[Start of section]

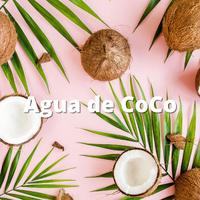 Agua de Coco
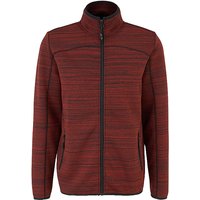 JOY Herren Jacke Yannik orange | 48 von Joy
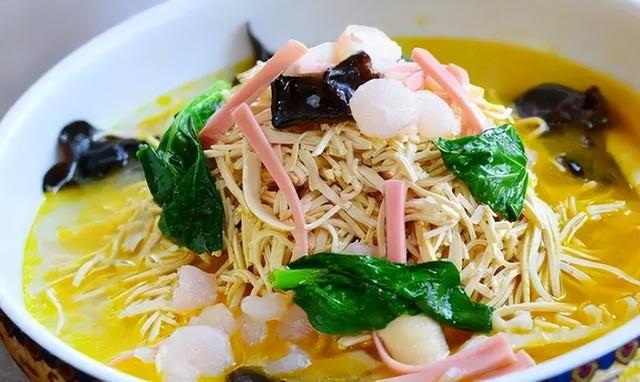 中华文化掌故：中国烹饪八大菜系(图2)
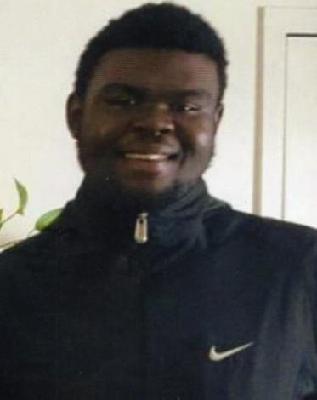 Anthony Laron Richardson Jr. death by force case in Parkville, MD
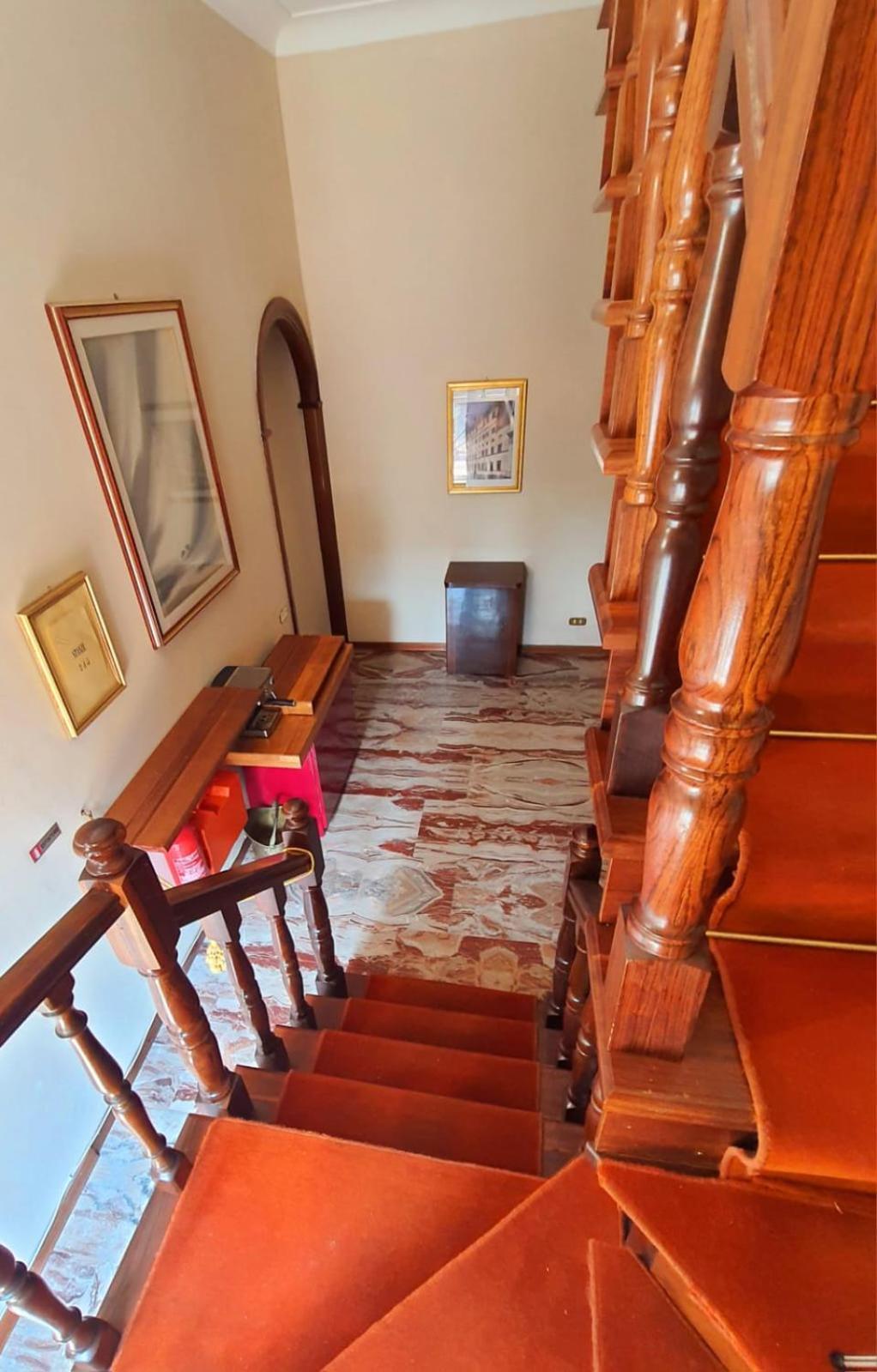 Hotel Le Stanze Dei Doria à Valmontone Extérieur photo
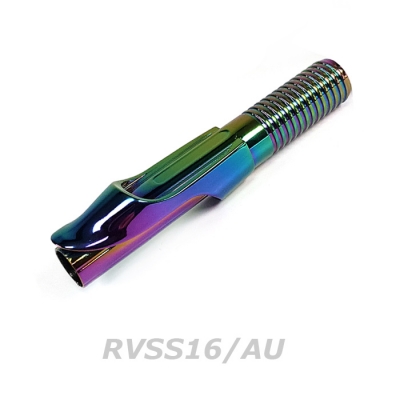 RVSS16 스피닝 릴시트 - 몸체만, 오로라 (RVSS16-AU)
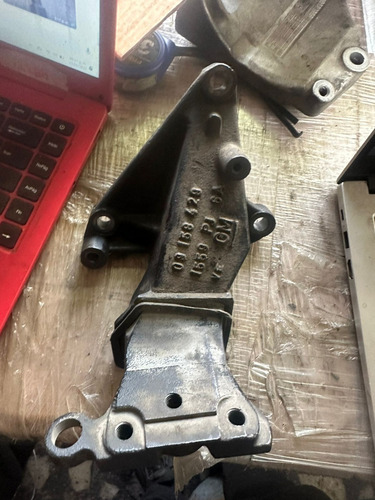 Base Soporte Motor Chevrolet Astra 00-06 Original (Usado)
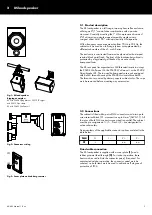 Предварительный просмотр 5 страницы d&b audiotechnik 8S Manual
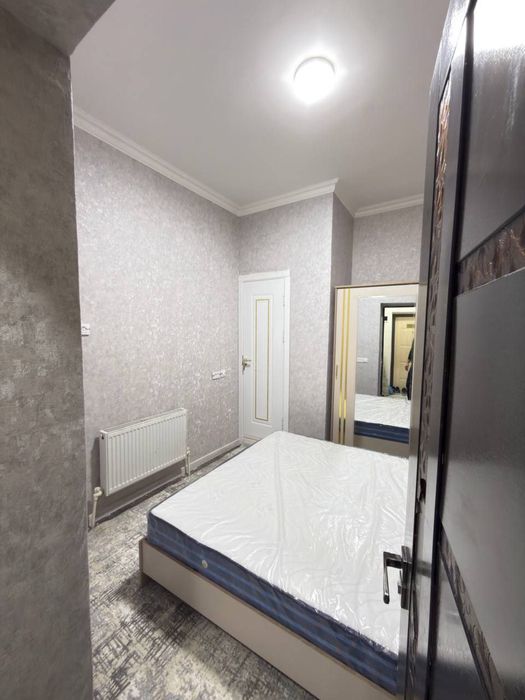 Sergeli metro 3 bekat Green hous 2 xona 63000$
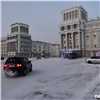 Красноярская полиция поддержала идею ограничить продажу алкоголя в Норильске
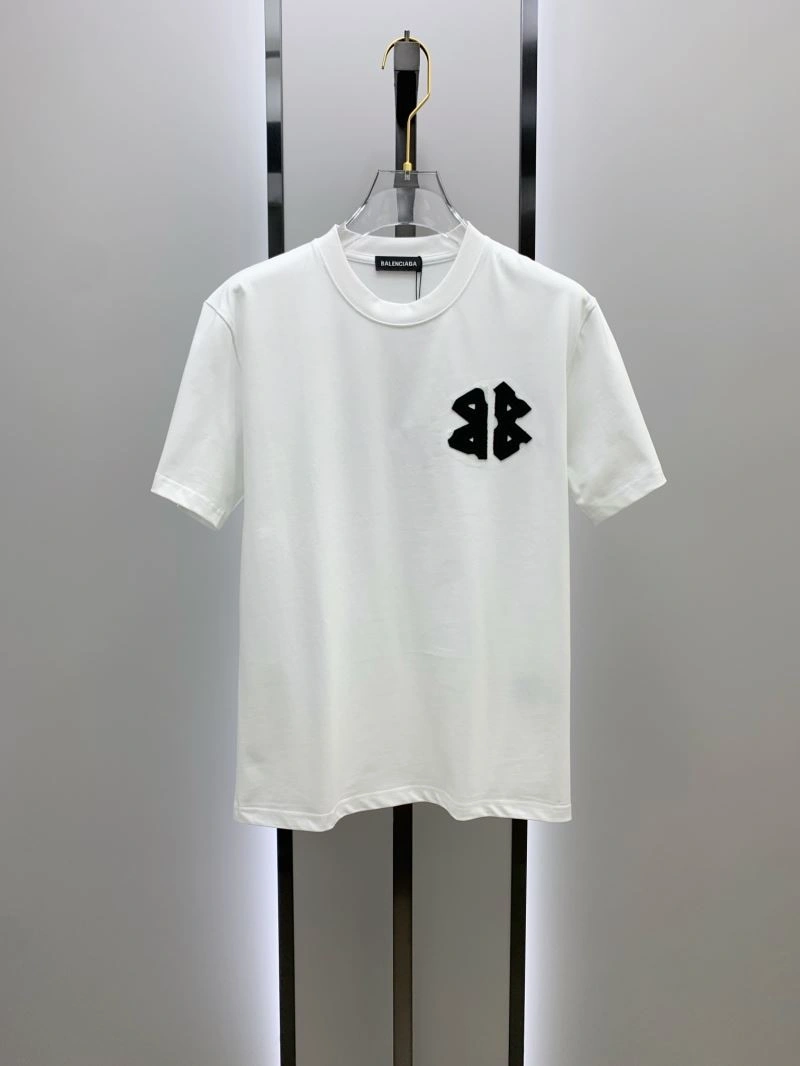 Balenciaga T-Shirts Stylish 97596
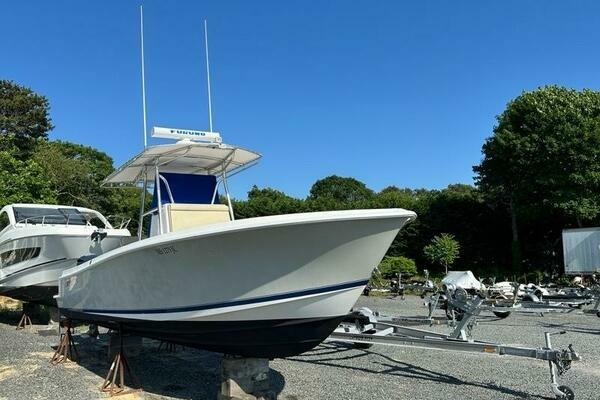 Picture Of: 2013 Contender 28 Tournament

[End of section]

▸ **What you should do**
With the pictures removed, please retype each record exactly.

▸ **Solution**
 Agua de Coco
 JOY Herren Jacke Yannik orange | 48 von Joy
 中华文化掌故：中国烹饪八大菜系(图2)
 Anthony Laron Richardson Jr. death by force case in Parkville, MD
 Hotel Le Stanze Dei Doria à Valmontone Extérieur photo
 RVSS16 스피닝 릴시트 - 몸체만, 오로라 (RVSS16-AU)
 Base Soporte Motor Chevrolet Astra 00-06 Original (Usado)
 Предварительный просмотр 5 страницы d&b audiotechnik 8S Manual
 Sergeli metro 3 bekat Green hous 2 xona 63000$
 Красноярская полиция поддержала идею ограничить продажу алкоголя в Норильске
 Balenciaga T-Shirts Stylish 97596
 Picture Of: 2013 Contender 28 Tournament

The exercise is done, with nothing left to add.